START Record extracts

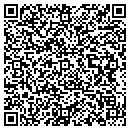 QR code with Forms Peddler contacts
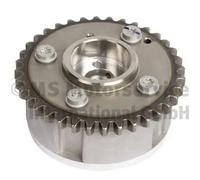 Ruota fase variabile distribuzione 50007804 KOLBENSCHMIDT per VW AUDI SEAT SKODA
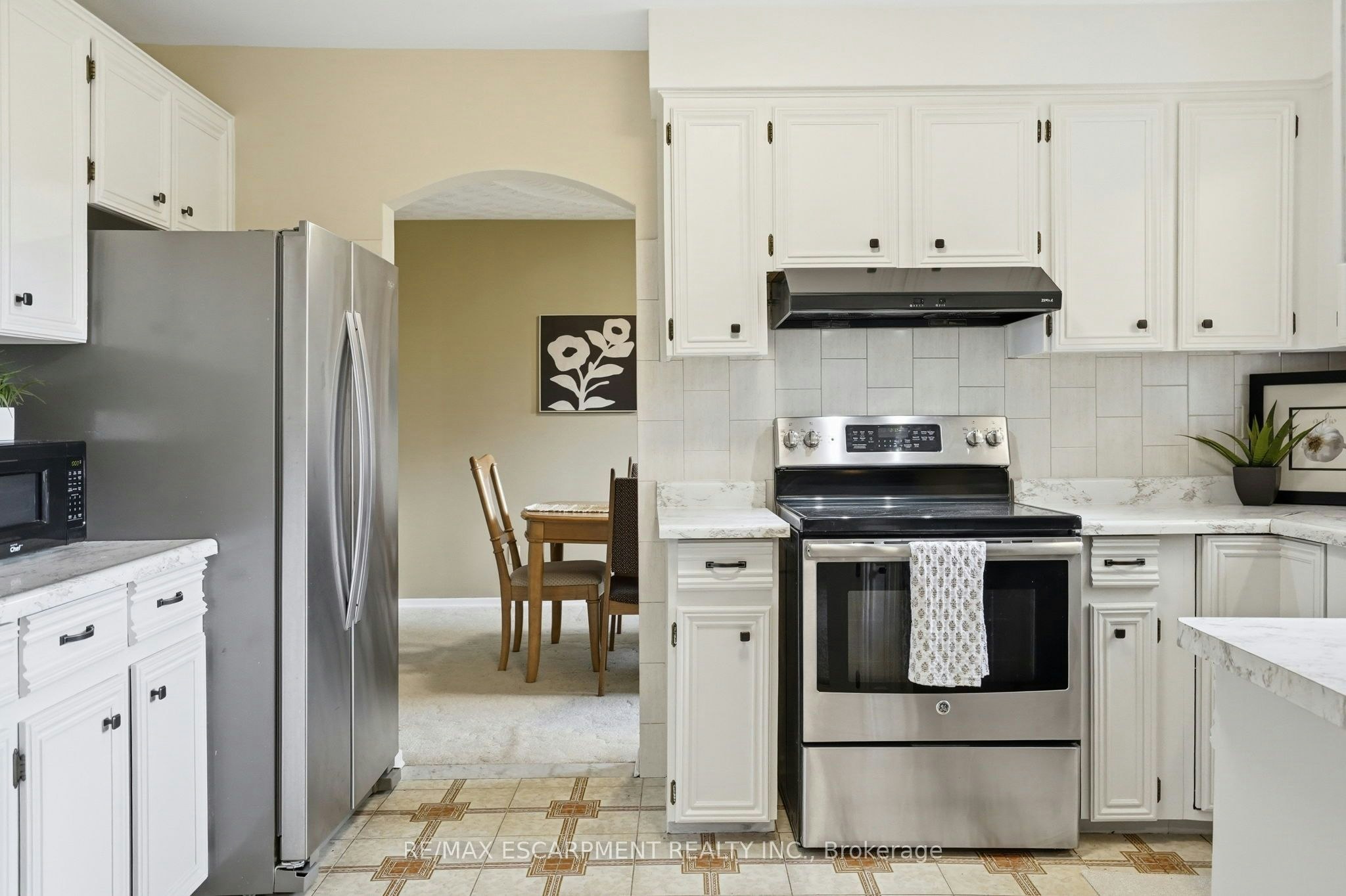 57 Neil Avenue, Hamilton, ON, L8G 2N1 - 14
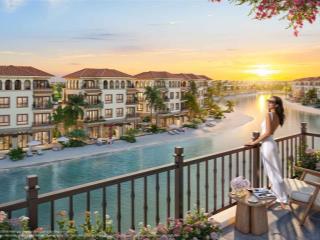 Chỉ cần bỏ 1,2 tỷ(30%) sở hữu ngay căn nhà vinhome hlx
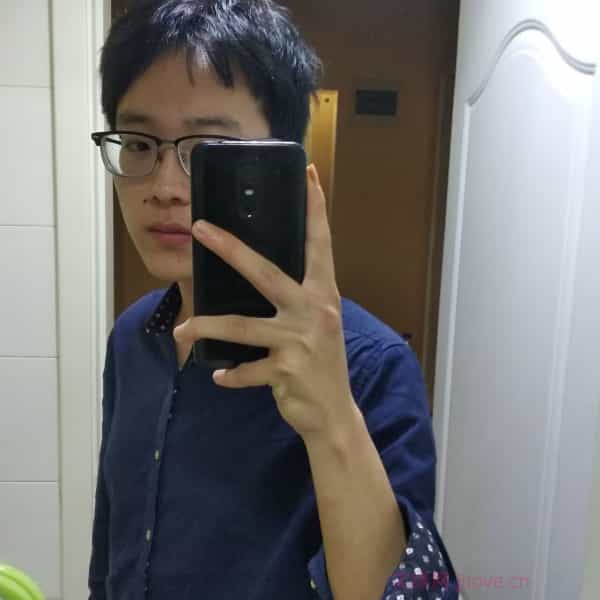 28岁岁江苏单身帅哥 - 咸阳吉缘网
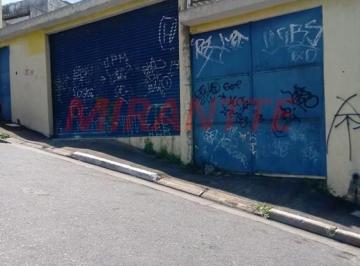 9a582973d8052d6640b910e58f987d77.jpg · Galpao de 500m²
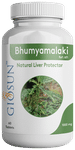 Giosun Bhumyamalaki 1000mg Tablet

END Record extracts

» **What is being asked**: Each entry above should be written out again exactly, without its pictures.

» **Task answer**:
 QR code with Forms Peddler contacts
 Ruota fase variabile distribuzione 50007804 KOLBENSCHMIDT per VW AUDI SEAT SKODA
 57 Neil Avenue, Hamilton, ON, L8G 2N1 - 14
 Chỉ cần bỏ 1,2 tỷ(30%) sở hữu ngay căn nhà vinhome hlx
 28岁岁江苏单身帅哥 - 咸阳吉缘网
 9a582973d8052d6640b910e58f987d77.jpg · Galpao de 500m²
 Giosun Bhumyamalaki 1000mg Tablet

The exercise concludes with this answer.